In 2022, Holmes transferred to play for the Arizona State Sun Devils of Arizona State University as a graduate transfer. He played in ten games, all starts, during the 2022 season while also missing some time due to injury.

==Professional career==

Holmes went undrafted in the 2023 NFL draft. On June 16, 2023, he was selected by the Seattle Sea Dragons in the 2023 XFL rookie draft.

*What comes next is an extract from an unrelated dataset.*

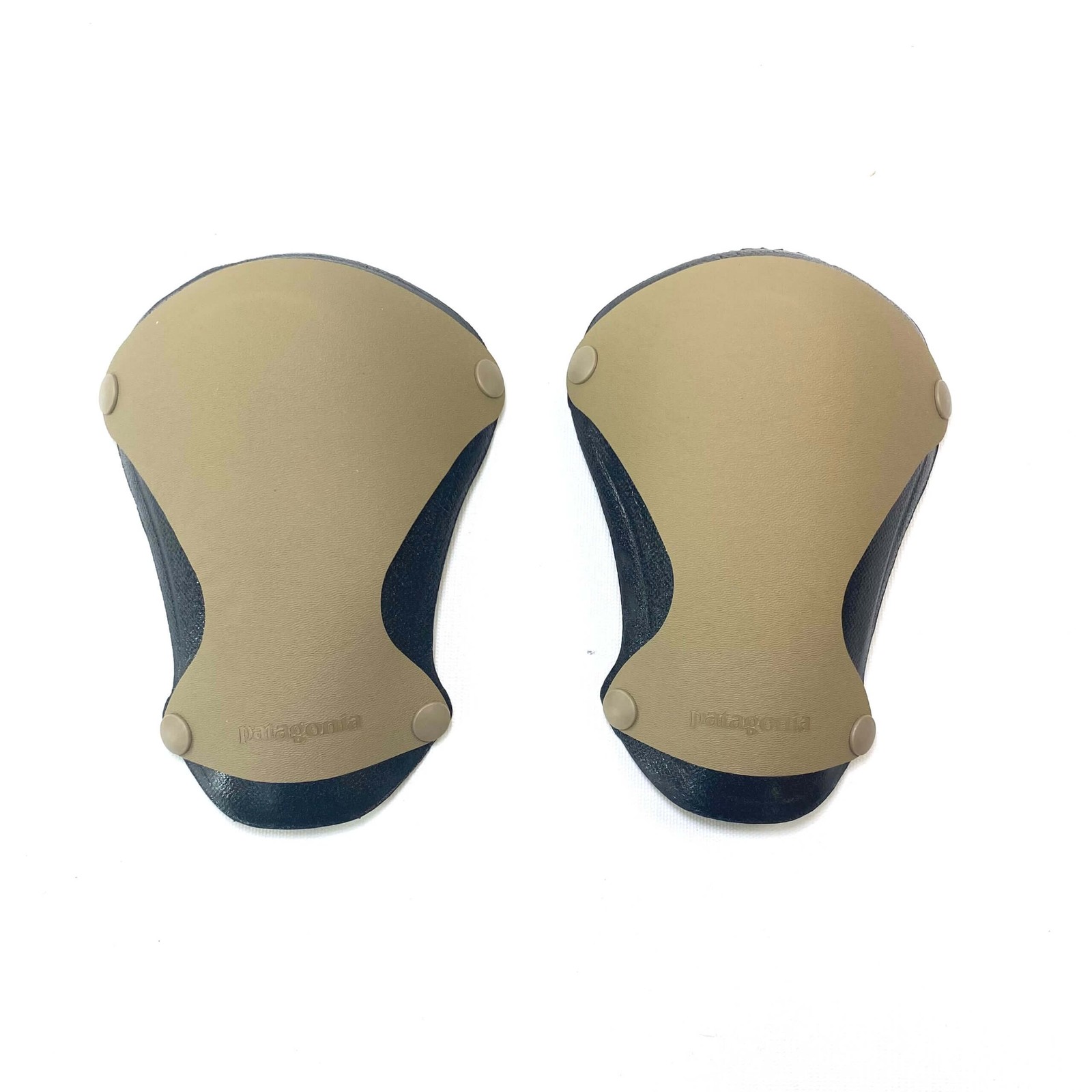 Patagonia VIKP 19202-646 Versatile Integrated Knee Protection Pads Khaki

However, he did not sign with them.

Holmes signed with the Ottawa Redblacks of the Canadian Football League (CFL) on January 23, 2024. He was released on May 15, 2024.

Holmes signed a two-year contract with the CFL's Montreal Alouettes on February 20, 2025. He was moved to the practice roster on June 1, and promoted to the active roster on June 12. He then started four games for the Alouettes before being moved back to the practice roster on July 15, 2025.

Pre-draft measurables
| Height | Weight | Arm length | Hand span | Wingspan | Bench press |
| 6 ft 4+7⁄8 in (1.95 m) | 307 lb (139 kg) | 32+3⁄8 in (0.82 m) | 9+1⁄2 in (0.24 m) | 6 ft 6 in (1.98 m) | 23 reps |
All values from Pro Day

==Personal life==
Holmes' father, Lee Holmes, played college basketball at Shippensburg University.